___ DATA PROVIDED ___

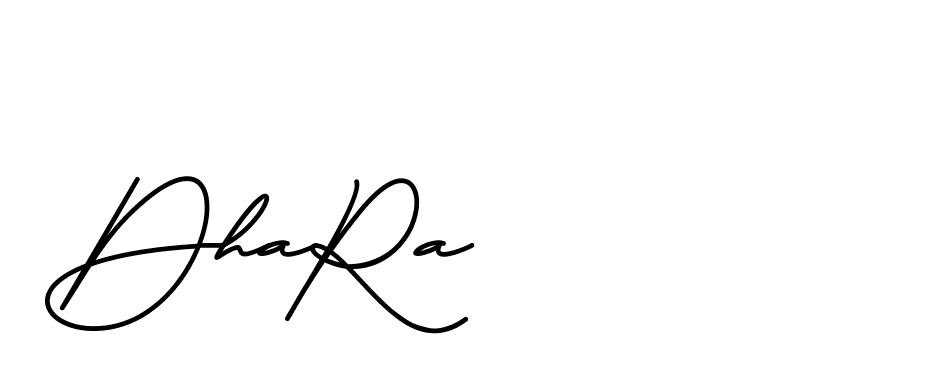 The best way (BrittanySignature-MaZx) to make a short signature is to pick only two or three words in your name. The name Ceard include a total of six letters. For converting this name. Ceard signature style 2 images and pictures png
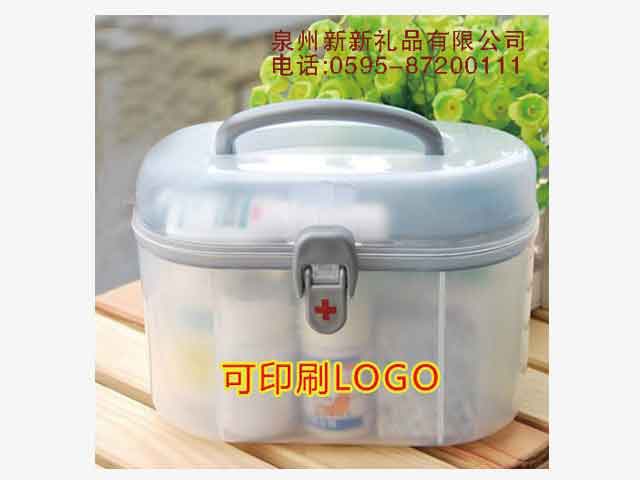 国产精品偷伦视频观看免费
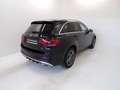 Mercedes-Benz GLC 220 - GLC 220 d Premium 4matic auto Nero - thumbnail 6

___

ABOUT THIS TASK
Return an exact copy of the data above, apart from any pictures.

YOUR SOLUTION
 The best way (BrittanySignature-MaZx) to make a short signature is to pick only two or three words in your name. The name Ceard include a total of six letters. For converting this name. Ceard signature style 2 images and pictures png
 国产精品偷伦视频观看免费
 Mercedes-Benz GLC 220 - GLC 220 d Premium 4matic auto Nero - thumbnail 6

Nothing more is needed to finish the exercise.